Mechanically exfoliated graphene (obtained with the famous “scotch tape” technique) comes in small, high-quality flakes. Exfoliated graphene has so far shown to hold the best physical properties, reaching towards theoretically predicted current conduction, mechanical strength, etc. The coverage of mechanically exfoliated graphene, however, is only on the order of a few small flakes per square centimeter, not nearly enough for applications. In addition, the price of such graphene can be on the order of several thousands of dollars per flake.

CVD graphene, available with high quality from Graphenea, offers sufficient quality for almost any graphene application. The price of CVD graphene is linked to production volume and costs of transferring from the copper substrate, on which it is grown, onto another substrate. Graphenea's industrial scale graphene technology leads to low CVD graphene cost for bulk orders (see graph). Bulk orders of such graphene can be cheaper than, for example, silicon carbide, an important semiconductor. Graphenea has filed a patent for a low cost industrial scale CVD growth and transfer process.

Technology Reduces The Price Of Graphene

In several years, bulk graphene prices may drop below that of silicon, enabling graphene to enter all markets now dominated by silicon, such as computing, chip manufacturing, sensors, solar cells, etc. In the meantime, graphene will continue to be used for applications that other materials simply cannot support. For example, silicon cannot be integrated into future flexible smartphones, because silicon is brittle and will break upon bending. Graphene offers a competitive solution.

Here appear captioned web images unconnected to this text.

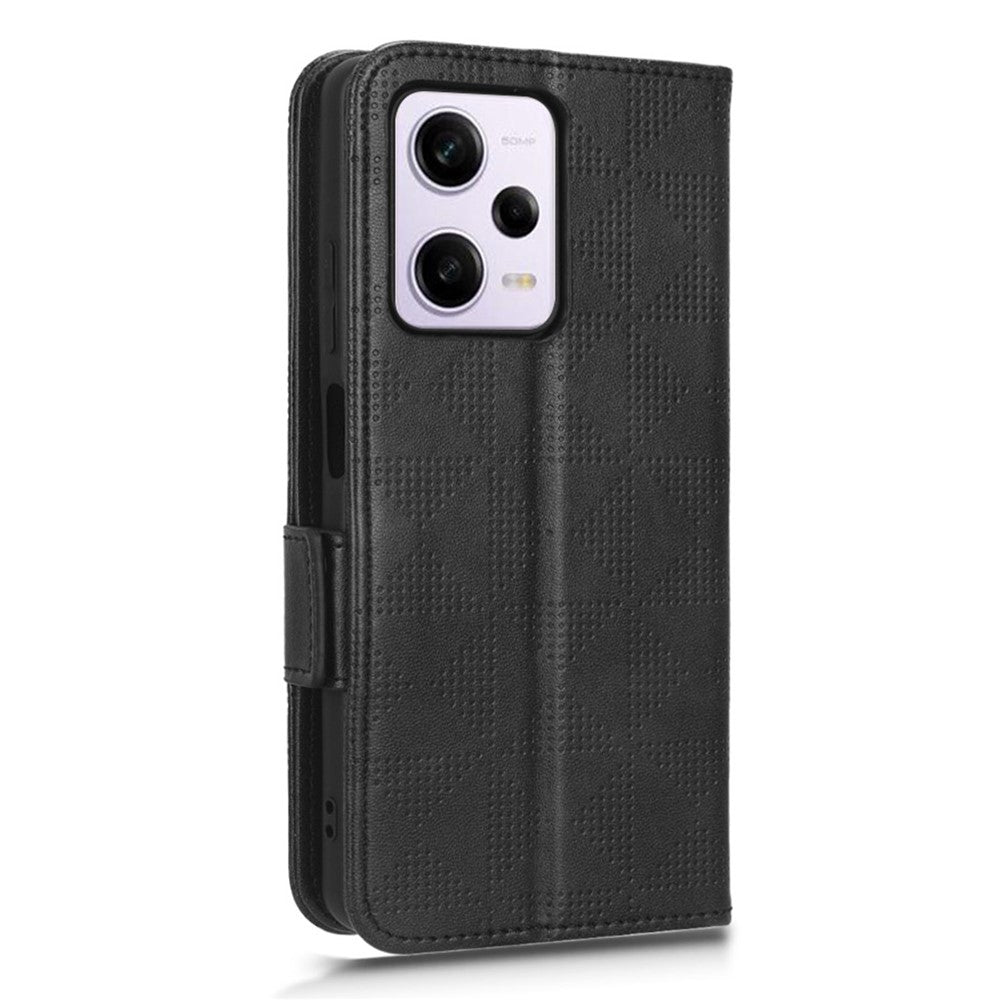 Xiaomi Redmi Note 12 Pro+ 5G Fullt skydd Mobilmobilfodral Stativ Plånbok PU-läder Präglat triangelmönster Flip-fodral
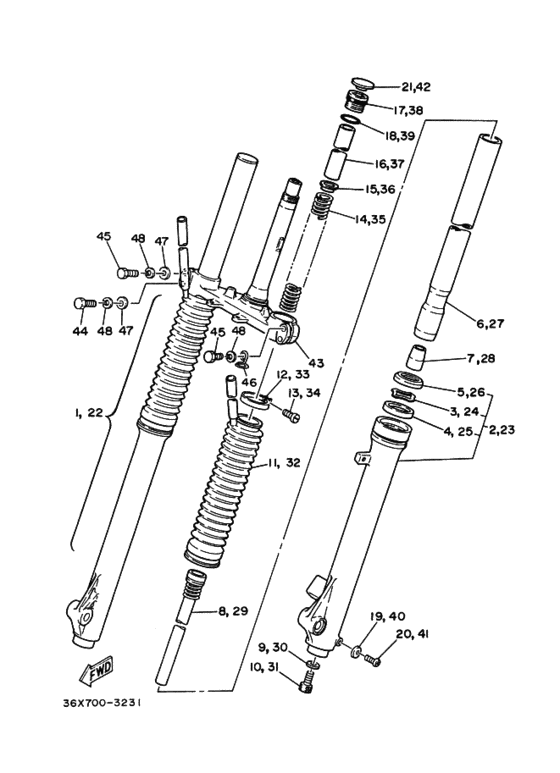 Front fork assy(ur silv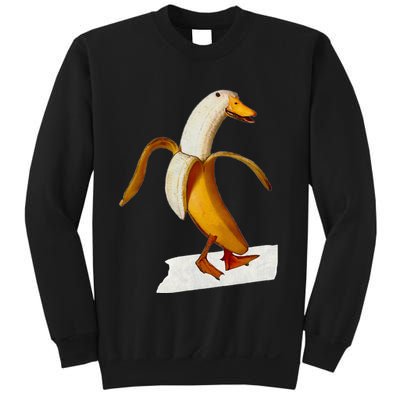 Banana Duck Walks Funny Anthropomorphic Fruit Bird Animal Sweatshirt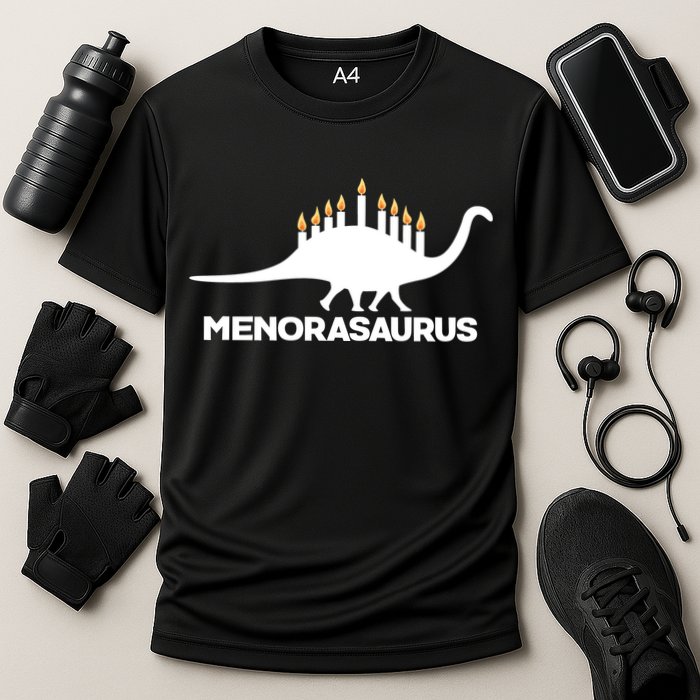 Hanukkah Menorah Dinosaur Cooling Performance Crew T-Shirt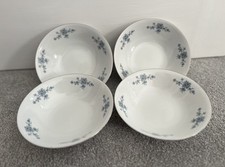 4 x Vintage Winterling Schwarzenbach Ceramic  Bowls Dishes, White Blue Floral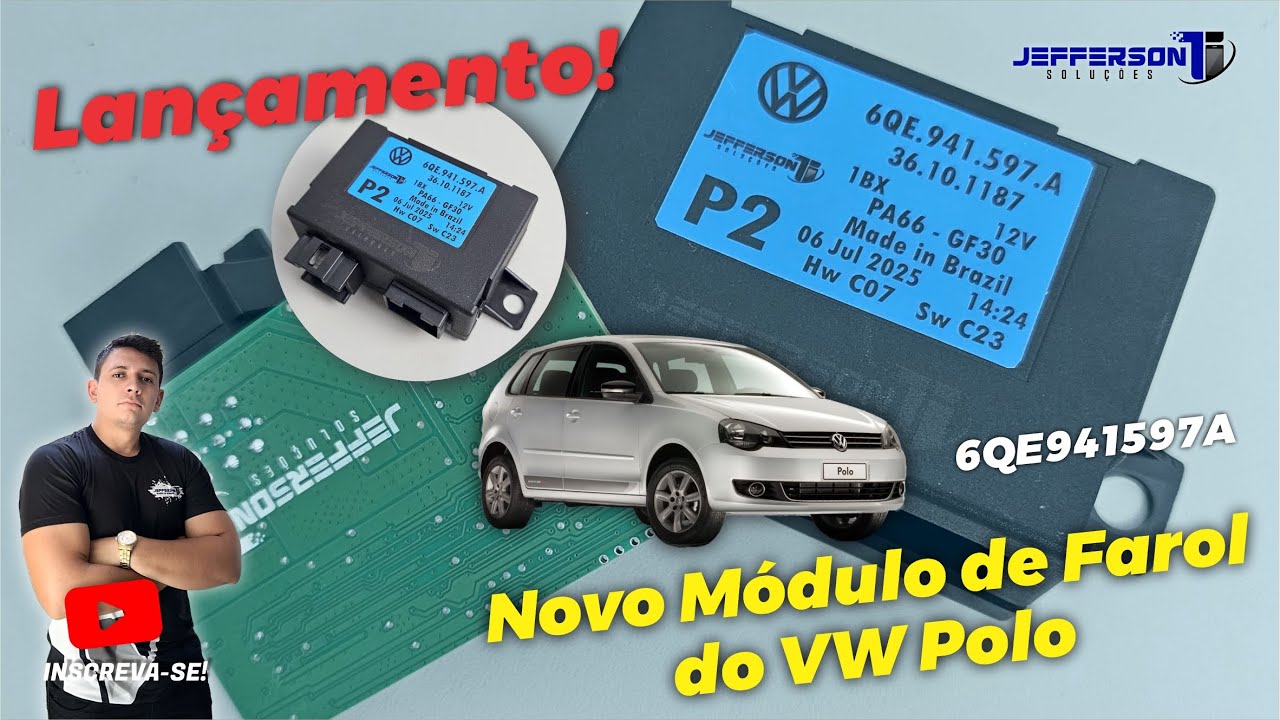 Defeito no Farol do VW Polo? Veja Nosso Modulo P2 Novo 6QE941597A #modulo #vwpolo #modulodefarol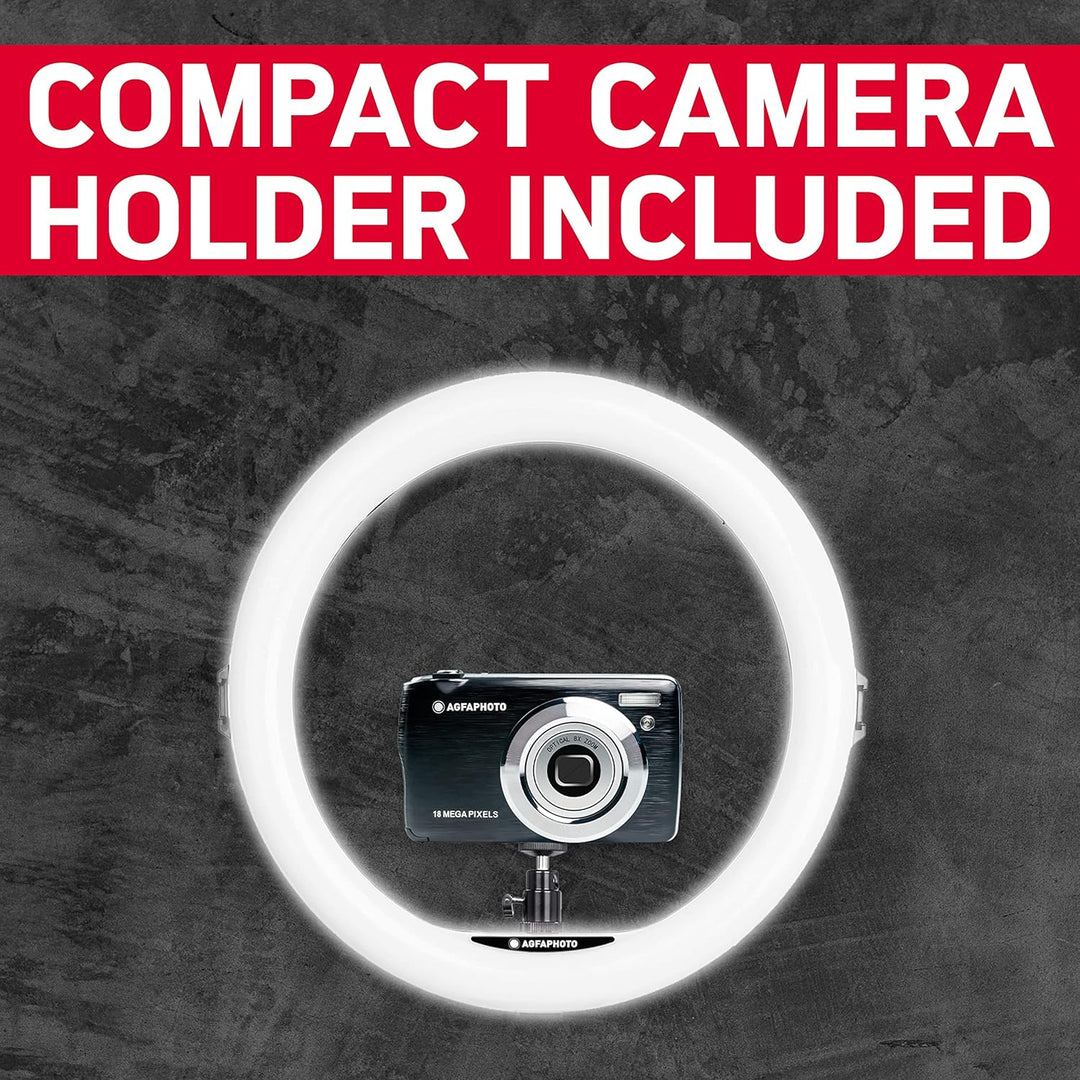 AgfaPhoto Ringlicht Realiview ARL11XL - 11-Zoll LED-Licht mit verstellbarem Stativ (45cm bis 155cm)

Graphene prices are not as high as one might expect from such a young technology. One must remember that carbon fiber, for example, was invented in the 1950's but its use didn't take off for another 30-40 years. Carbon fiber faced a series of challenges including an implementation to the market which was too soon and resulted in poor products. Carbon fiber is now ubiquitous in advanced composite materials. The material survived the long fight by finding applications which were not possible with other materials. Perhaps graphene will follow a road that is on one side guarded by unique applications, and on the other by constant technological progress, leading to widespread use of graphene in the coming decades.